VI. 各地からの支援

1. 緊急相談と各地商工会議所からの応援職員の派遣

 震災直後、商工会議所のネットワークを有効に活用し、復旧・復興に向けての貸事務所情報や求人情報などを近隣商工会議所から提供頂き、この情報を神戸市内に発信した。一方、近畿商工会議所連合会では被災地のために情報提供以外に何か支援できるかが検討されていた。当時、本所の各支部では2月15日に兵庫県・神戸市の災害復旧融資の受付がスタートし、金融を中心とした相談件数が急増する一方、商店街、小売市場等への巡回指導件数にも忙殺されており、経営指導員の配置に苦慮していた。そこで、本所から同連合会に対し、各会議所の業務に支障のない範囲での経営指導員の派遣を要請したのである。

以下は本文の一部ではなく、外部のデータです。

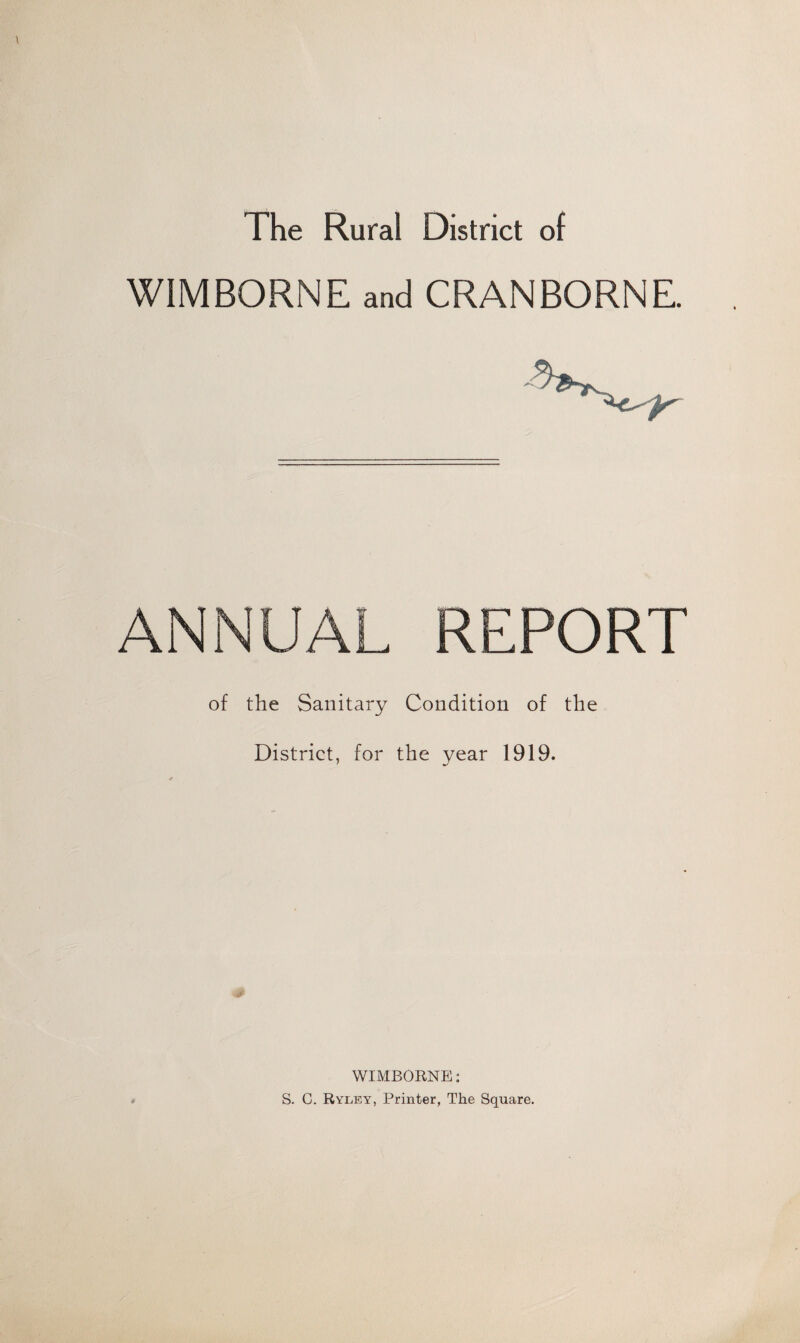 The Rural District of W1MBORNE and CRANBORNE. ANNUAL REPORT of the Sanitary Condition of the District, for the year 1919. WIMBORNE: S. G. Ryley, Printer, The Square.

 この要請を受けて、3月2日から5月2日の間、大阪、京都、福井、滋賀県運(大津、草津、守山)の各会議所から常時7〜8名の経営指導員が本所各支部に派遣された。これらの応援職員には主として窓口での災害復旧融資の指導・斡旋を担当願い、これによって本所の経営指導員は商店街等への巡回指導を活発に行うことができたのである。

2. 義援金・見舞い金等について

 1月17日の地震発生直後から、日本商工会議所を通じて全国の商工会議所(婦人会・青年部を含む)から救援の手が差し延べられるとともに、個々の商工会議所(職員を含む)からも神戸商工会議所の復旧・復興を目的に数多く義援金・見舞金等の支援が相次いだ。

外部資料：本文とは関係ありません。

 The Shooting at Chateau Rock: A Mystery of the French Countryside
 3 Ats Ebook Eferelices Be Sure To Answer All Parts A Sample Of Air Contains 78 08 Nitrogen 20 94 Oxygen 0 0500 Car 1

 さらに、救援の輪は、金融機関や生命保険会社、損害保険会社、商店街等の会議所業務関係先や大使館・通商代表部など海外にも広がった。

 支援を受けたこれらの貴重な義援金・見舞金総額1億7,500万円余は、ご芳志の趣旨に沿って、神戸経済復興のための事業費や震災で被害を被った会議所会館の復旧費、さらに一部は被災した職員の生活再建融資の原資等に有効に活用させていただいた。

 一方、救援物資も食料品や飲料水・薬品から自転車・携帯電話・ブルーシートまで多岐にわたり、混乱した震災後の状況の下での復旧・復興業務の推進に大いに役立った。

 一方、1月17日当日より、海外からも相次いで見舞状・義援金等をいただき、3月末までに54件にのぼった。